- Exercise -
The required output is the exact run of lines from the one that contains "Mature cartilage has" to the end of the data, with every picture left out.

:: Material shown ::

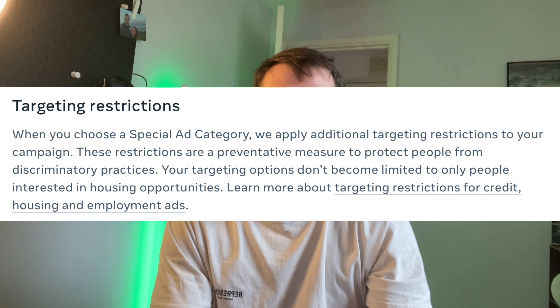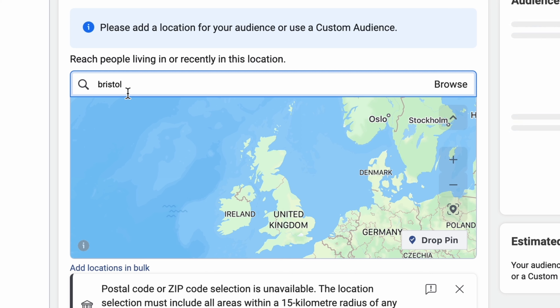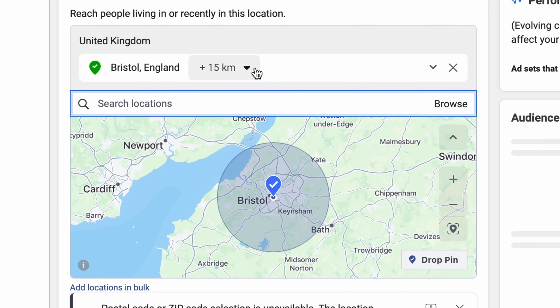If your advert comes under this category, you will be hit with a bunch of restrictions in terms of targeting. I can see why Facebook have done this — it's to prevent people from being discriminated against. So you can't choose gender, you can't choose age, you can't choose anything like that when targeting who you want to see your ads. You can target location, but it has to be within a 15 kilometre radius, which makes it a lot more difficult if you're going for a very specific city.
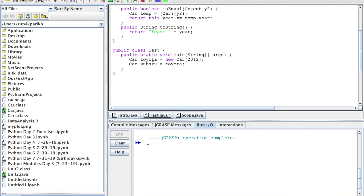Now when we change the value of Subaru or Toyota, it'll change the value of the other one. So if we change the value of Subaru, it changes the value of Toyota and vice versa. If you want to see an example of that, go to our how to properly compare reference types video — that shows you an example of that.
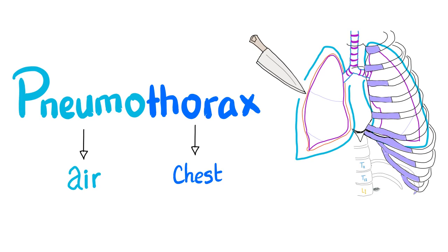Hey guys, it's Medicosis Perfectionals. One more time, continuing our discussion about the great playlist on pulmonology. In the previous video, we talked about tissue hypoxia. Today, we will discuss pneumothorax.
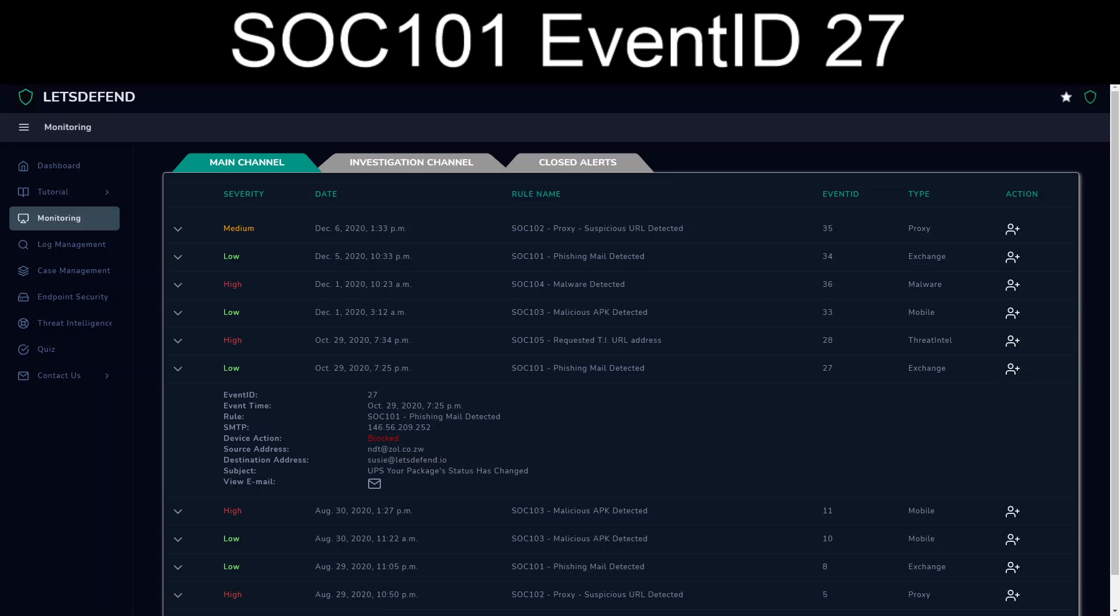Welcome back everyone to our continuing work throughs of the Let's Defend SOC exercises. Today we will be tackling SOC 101, Phishing Mail Detected, Event ID 27, that occurred on October 29th, 2020.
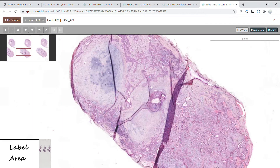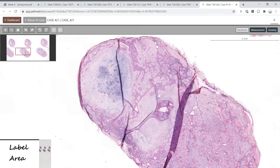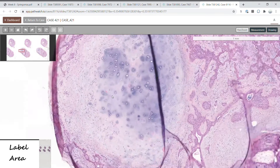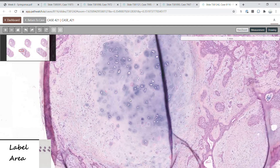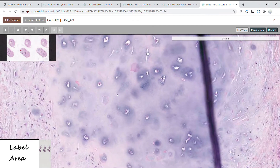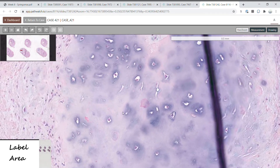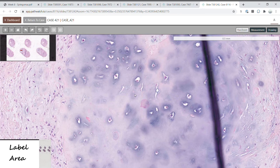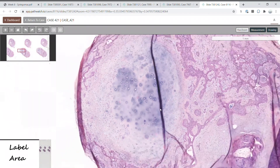Mature cartilage has a different look to it. Here is mature cartilage in another chondroid syringoma. You can see the mature cartilage having a glassy stroma which is both blue and pink, as well as lacunae with chondrocytes sitting in them.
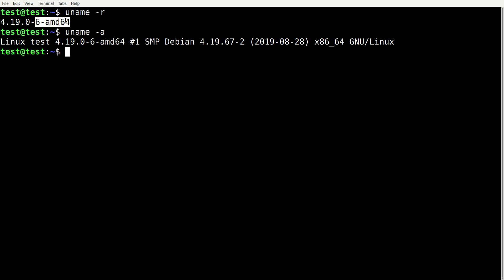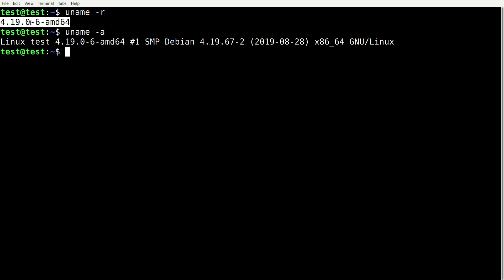And here you can see the kernel version which is exactly the same as in the first command. And the last method which you can use is this one: cat space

:::

- Written answer -
Mature cartilage has a different look to it. Here is mature cartilage in another chondroid syringoma. You can see the mature cartilage having a glassy stroma which is both blue and pink, as well as lacunae with chondrocytes sitting in them.
And here you can see the kernel version which is exactly the same as in the first command. And the last method which you can use is this one: cat space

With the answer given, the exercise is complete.